Nevertheless, our study complements other previous published date [3,4,5, 10, 43, 44] in documenting the clinical characteristics and outcomes for ED presentations among Indigenous patients presenting with respiratory disorders in a regional centre of the NT. The results of this study may be an avenue to explore possibilities of implementing programs or for further prospective studies that could help in reducing morbidity, mortality, decreasing health gap [45], preventing avoidable ED presentation and hospitalisation as well as to reduce health care cost and utilisation among both Indigenous and non-Indigenous population.
Limitations
Patients involved in this study were only those who presented to RDH ED during the two study months.

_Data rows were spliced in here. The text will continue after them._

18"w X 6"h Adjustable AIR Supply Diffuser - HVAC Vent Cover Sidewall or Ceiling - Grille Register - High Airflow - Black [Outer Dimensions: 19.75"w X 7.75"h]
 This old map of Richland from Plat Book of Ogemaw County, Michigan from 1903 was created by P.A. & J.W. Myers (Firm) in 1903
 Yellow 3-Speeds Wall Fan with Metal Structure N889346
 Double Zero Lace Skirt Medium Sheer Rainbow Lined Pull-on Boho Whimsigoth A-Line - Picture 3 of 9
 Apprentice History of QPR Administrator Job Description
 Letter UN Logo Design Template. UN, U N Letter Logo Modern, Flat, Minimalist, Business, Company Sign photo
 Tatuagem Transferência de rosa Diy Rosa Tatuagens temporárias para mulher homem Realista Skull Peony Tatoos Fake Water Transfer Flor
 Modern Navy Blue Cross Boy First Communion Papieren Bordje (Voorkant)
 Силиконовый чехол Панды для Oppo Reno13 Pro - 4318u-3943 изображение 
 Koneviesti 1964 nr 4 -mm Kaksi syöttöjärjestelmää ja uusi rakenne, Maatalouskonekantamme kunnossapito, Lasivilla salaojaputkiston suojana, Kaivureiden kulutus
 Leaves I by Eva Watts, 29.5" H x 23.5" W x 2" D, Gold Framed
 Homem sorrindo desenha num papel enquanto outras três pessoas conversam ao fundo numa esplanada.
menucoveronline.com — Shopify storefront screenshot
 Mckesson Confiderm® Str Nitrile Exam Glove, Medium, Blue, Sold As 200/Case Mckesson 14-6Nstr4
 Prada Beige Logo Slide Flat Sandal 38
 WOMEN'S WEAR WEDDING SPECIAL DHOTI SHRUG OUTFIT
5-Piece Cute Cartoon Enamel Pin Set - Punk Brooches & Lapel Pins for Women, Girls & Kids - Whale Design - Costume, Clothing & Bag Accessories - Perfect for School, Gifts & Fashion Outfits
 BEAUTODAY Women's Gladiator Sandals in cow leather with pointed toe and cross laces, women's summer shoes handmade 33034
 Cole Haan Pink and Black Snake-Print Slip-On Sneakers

Although this is the primary option for tertiary care in the Top End region, other ED options exist which may be more accessible for patients residing further from this urban centre. As one moves out away from this urban centre, the demographics significantly change, with a greater proportion of Indigenous residents, lesser access to primary health care and significant differences in lifestyle factors – therefore ED presentations to more minor regional hospitals may differ from those reported in the current study. This is partially noted in the current study by the higher proportion of ED presentations via health centre transfer for Indigenous patients. Furthermore, EMRs utilised in data collection may be incomplete – systems used at the study hospital and those used at varied primary care facilities may differ. Thus, the hospital EMRs rely on investigations from the treating team during the acute presentation, and on the patients’ ability to recall their medical history. For Indigenous patients presenting into this healthcare setting recounting medical information is significantly harder, as linguistic and cultural discrepancy are mounted on top of the poor health condition in which the patient is presenting. As noted previously, the use of calendar months as the timeframe of observation results in different available follow-up times for patients, and though it gives some indication of re-presentations to ED, the true rates are not entirely comparable between patient groups, and potentially underestimate the true population incidence. We also entirely relied on the ICD codes for respiratory conditions provided by the RDH health information service for the study participants. It is possible some patients were not identified by specific sub-codes or due to misclassification of the ICD codes.